Patofisiologi Degenerasi Makula
Patofisiologi degenerasi makula belum dipahami secara baik, namun penelitian-penelitian yang ada mengaitkan faktor genetik, jalur biokimia serta sistem komplemen dengan perjalanan penyakit ini.
Teori-teori yang ada sekarang terutama berfokus pada proses yang terjadi di lapisan epitel pigmen retina, fotoreseptor, dan kompleks membran Bruch. Epitel pigmen retina atau retinal pigmen epithelium (RPE) adalah lapisan yang penting untuk menunjang metabolisme dan fungsi lapisan fotoreseptor retina serta memiliki fungsi fagositosis.
Saat proses penuaan terjadi, fungsi sel-sel di lapisan ini berkurang sehingga terjadi akumulasi residu metabolisme dari segmen luar fotoreseptor di intraselular epitel pigmen retina dalam bentuk lipofusin.
Selain itu terjadi, pula perubahan pada permeabilitas membran Bruch sehingga residu yang seharusnya dapat dibuang melalui pembuluh darah koriokapilar menjadi deposit di ruang antara epitel pigmen retina dan membran Bruch yang kemudian membentuk lesi drusen (khas pada degenerasi makula).[3]
Lesi drusen menginduksi kaskade inflamasi yang berperan dalam progresivitas degenerasi makula. Lesi drusen akan menyebabkan penebalan membran Bruch, disfungsi epitel pigment retina, dan kerusakan fotoreseptor.
Degenerasi Makula Tahap Lanjut
Degenerasi makula tahap lanjut, terutama tipe non-eksudatif, dapat ditandai dengan atrofi geografik. Lesi ini ditandai dengan area berbatas tegas di pole posterior retina, atrofi pada epitel pigmen retina, fotoreseptor dan koriokapilar. Atrofi lapisan-lapisan tersebut membuat pembuluh darah koroid menjadi lebih tampak jelas.[1,3]
Degenerasi lapisan epitel pigmen retina akan memicu disfungsi pada membran Bruch yang menyebabkan terpisahnya koriokapiler dari lapisan epitel pigmen retina sehingga timbul kondisi iskemia.
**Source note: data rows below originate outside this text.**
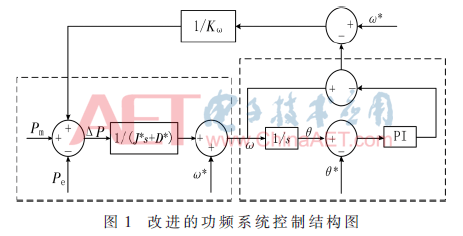 dy2-t1.gif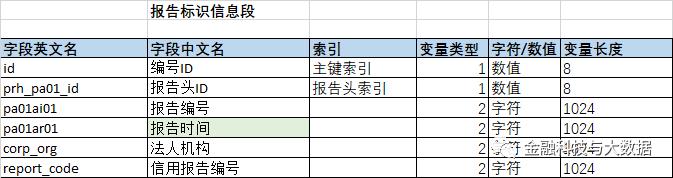 卡拉合伙人：万字长文深度解读二代人行征信报告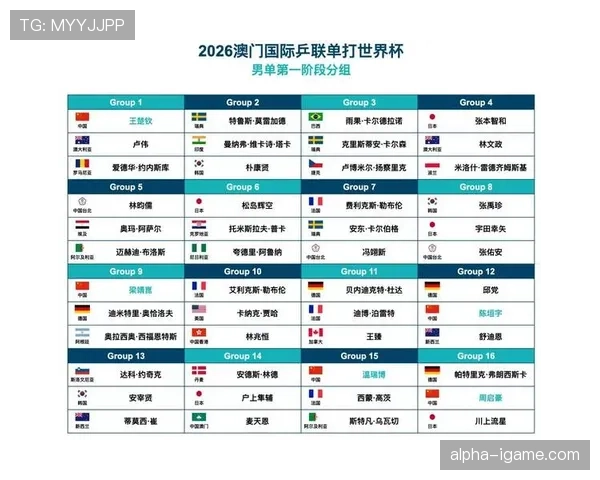 2026世界杯淘汰赛赛程安排详解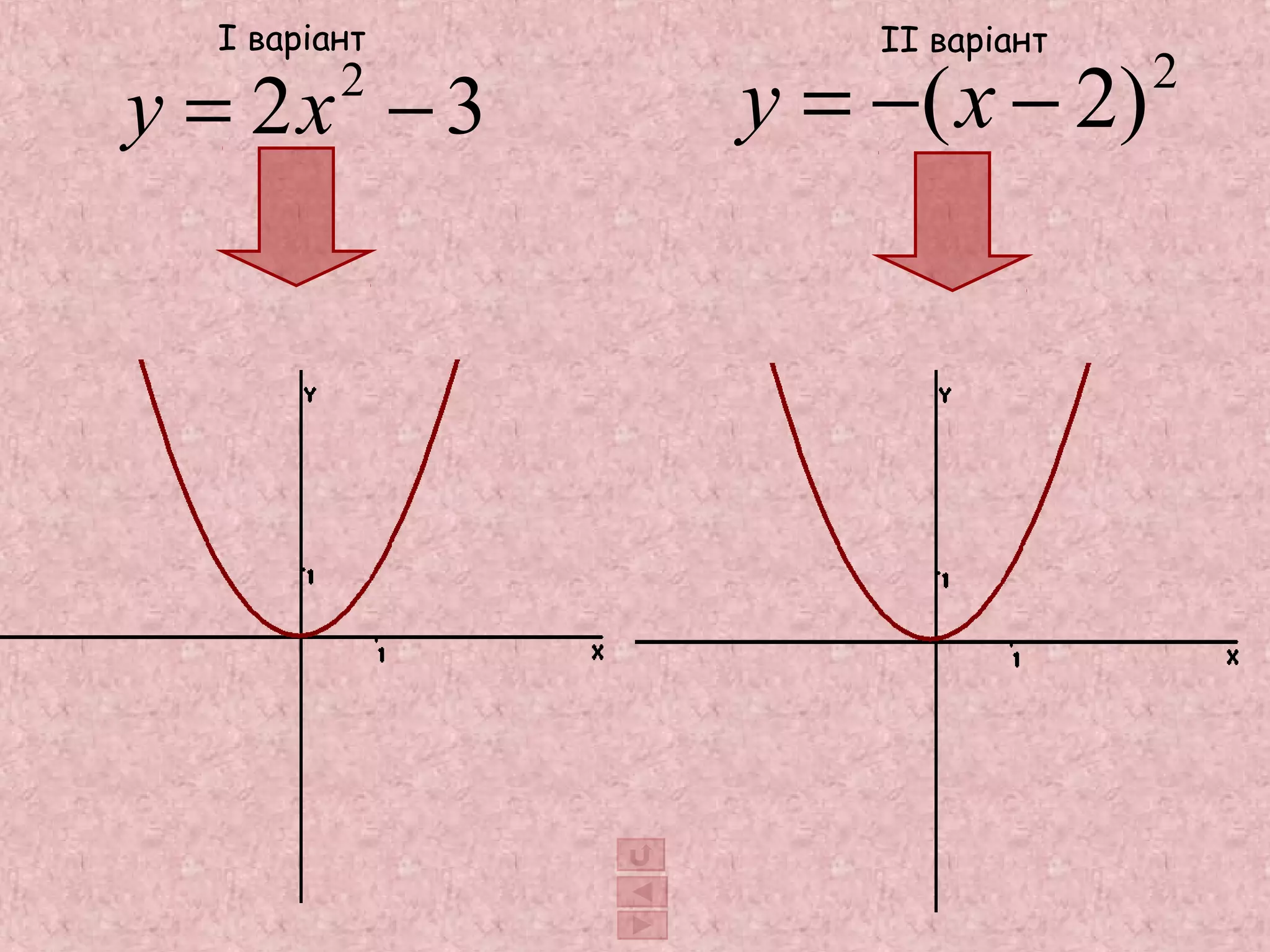 I варіант II варіант 
y = 2x2 - 3 y = -(x - 2)2 
 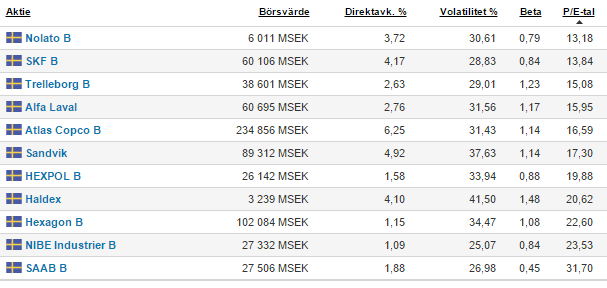 pe direkt jämför 2016 jan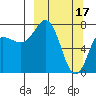 Chignik Bay tide chart for Friday, March 17, 2023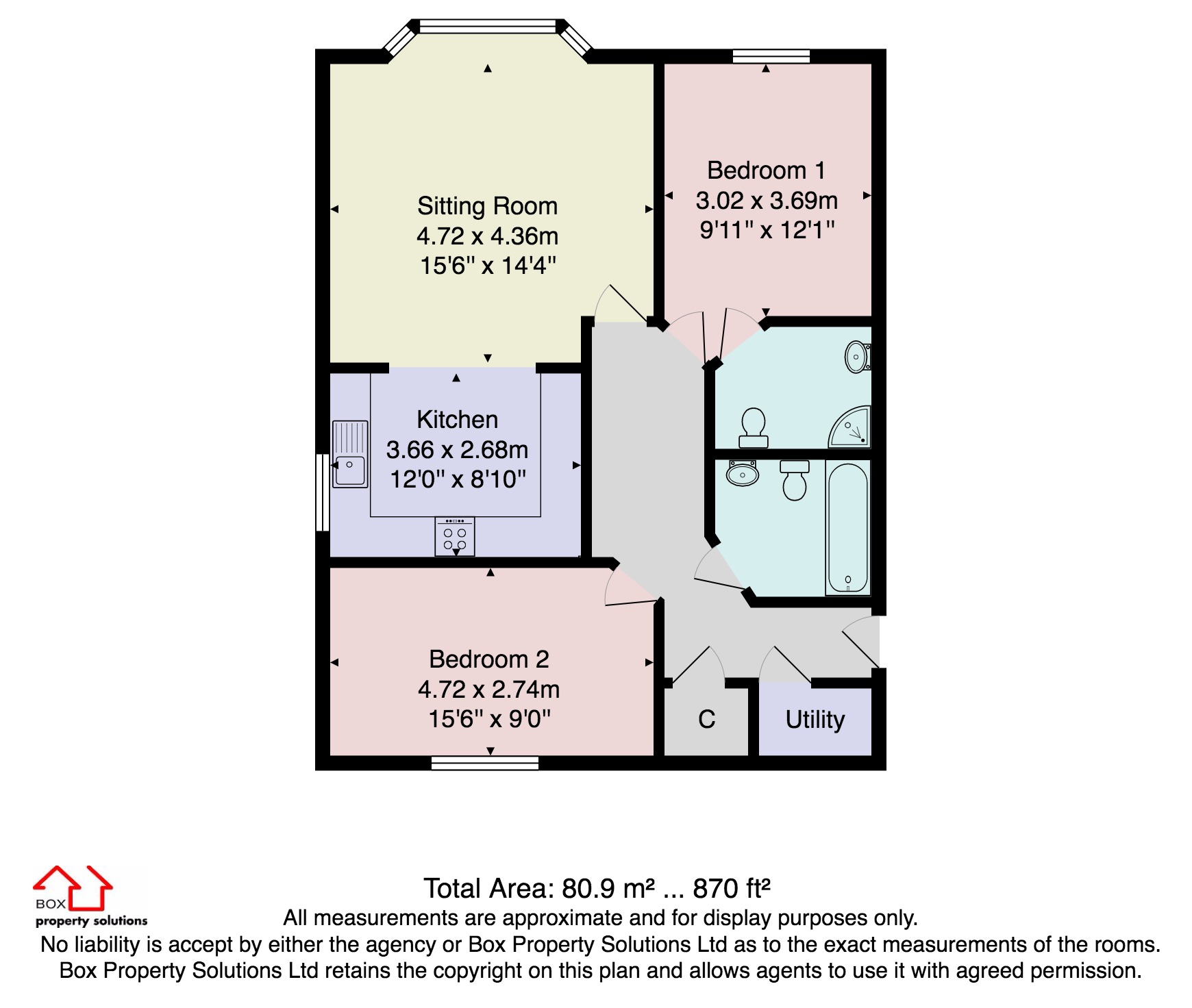 2 Bedrooms Flat for sale in Garden Mews, Harlow Oval, Harrogate HG2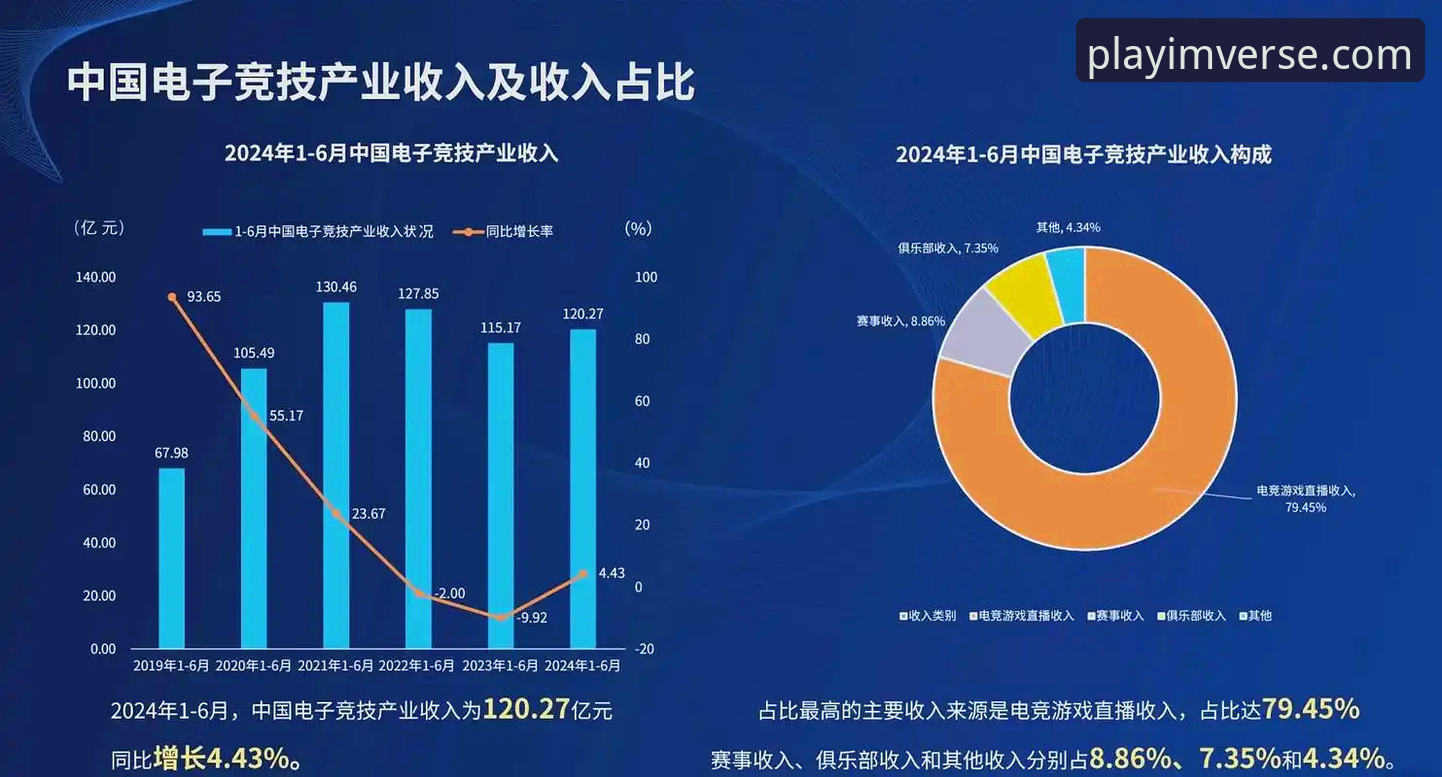 资深电竞观察者分享im电竞竞技体验心得：从平台功能到赛事趋势的深度解析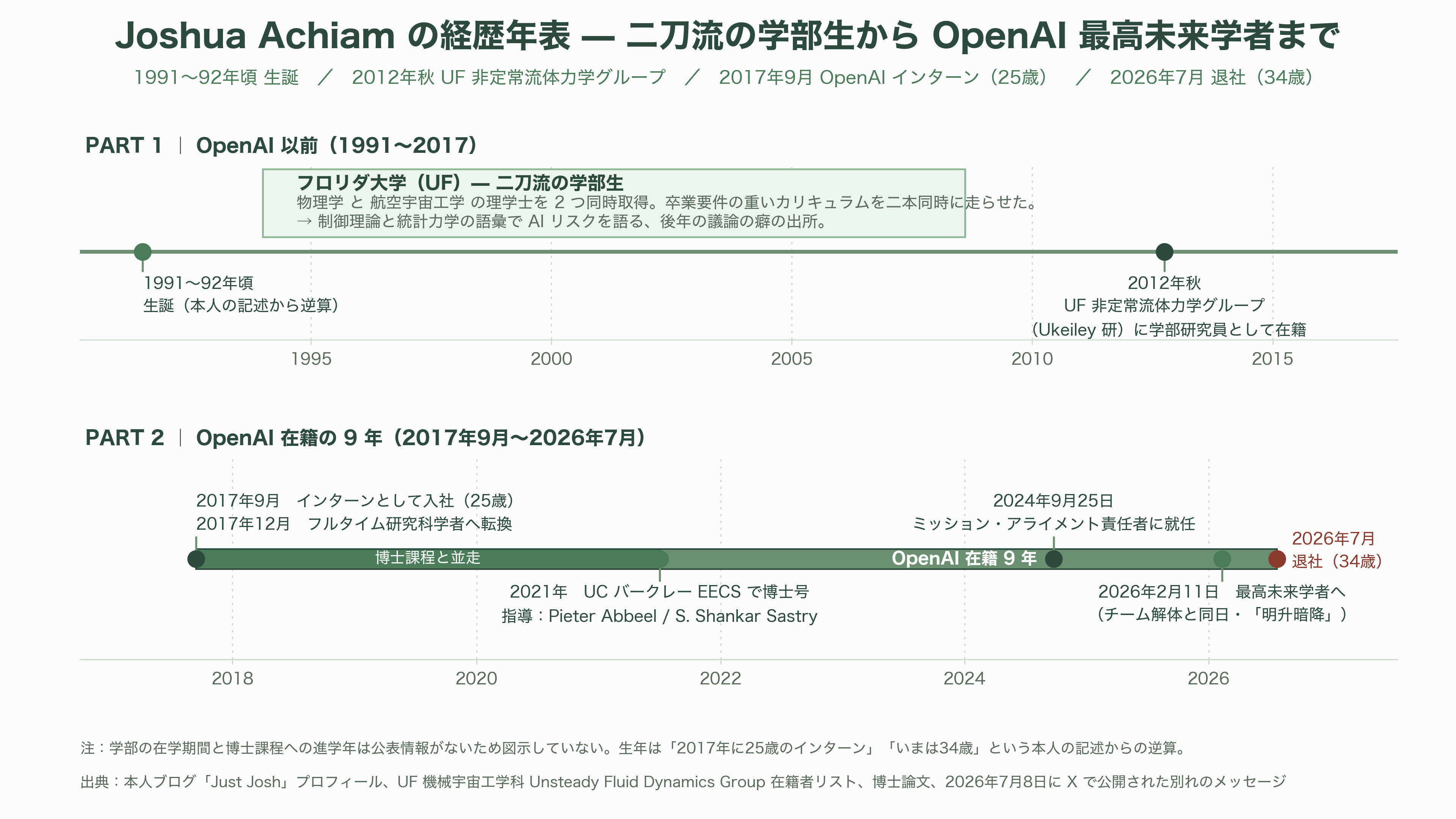 OpenAIの古参AI安全性責任者、最高未来学者Joshua Achiam(ジョシュア・アキアム)が退社 - フロリダ大学の二刀流学部生 — 物理学と航空宇宙工学 - 図表1
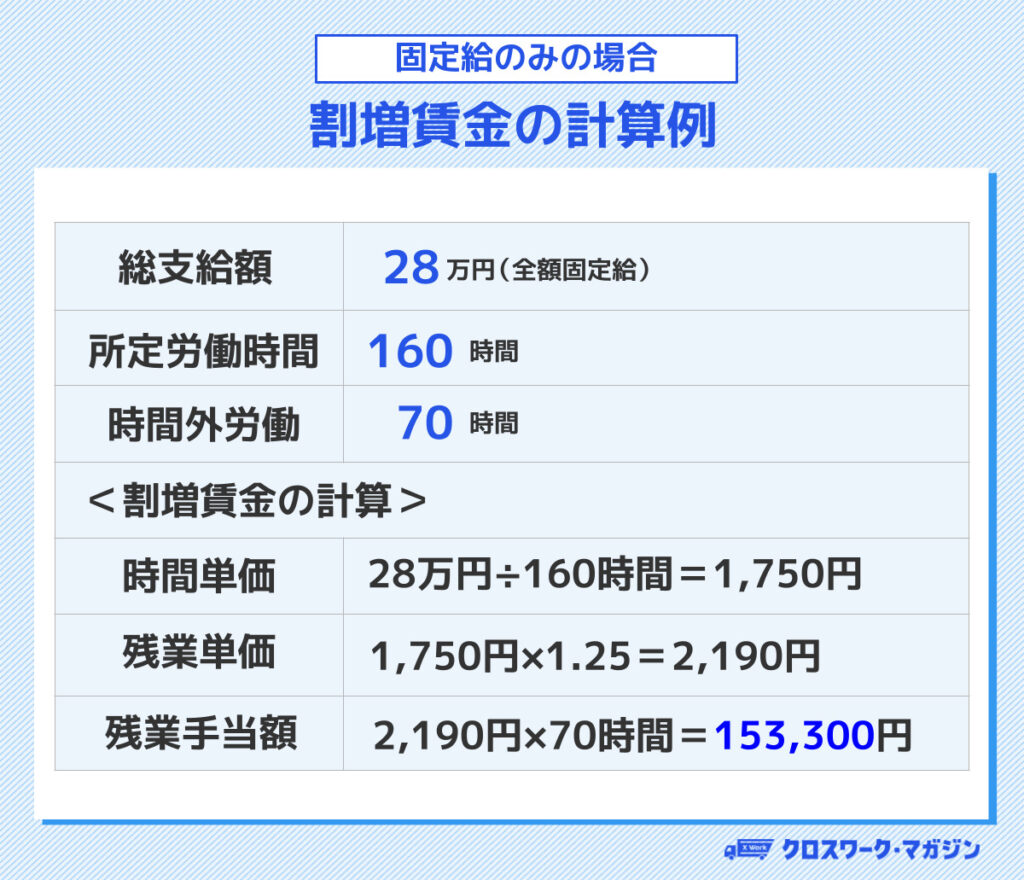 固定給の場合の割増賃金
Kondisi iskemia tersebut memicu pengeluaran faktor vascular endothelial growth sehingga terbentuk neovaskular abnormal di lapisan epitel pigmen retina. Pembuluh darah abnormal tersebut mudah mengalami kebocoran dan perdarahan serta dapat berinvolusi menjadi jaringan parut, yang pada tahap lanjut degenerasi makula (terutama tipe eksudatif) yang ditandai dengan jaringan parut berbentuk disciform.[3,5]
Penelitian genetik menunjukkan korelasi yang kuat antara mekanisme jalur komplemen dengan degenerasi makula, terutama poliformisme nukleotid pada gen komplemen faktor H (CFH) di kromosom 1 serta gen PLEKHA1 dan LOC387715 pada kromosom 10. Dua bentuk polimorfisme, yakni Tyr402His pada kromosom 10q26 dan Ala69Ser berkaitan dengan risiko genetik degenerasi makula hingga 50-75% pada populasi Kaukasian.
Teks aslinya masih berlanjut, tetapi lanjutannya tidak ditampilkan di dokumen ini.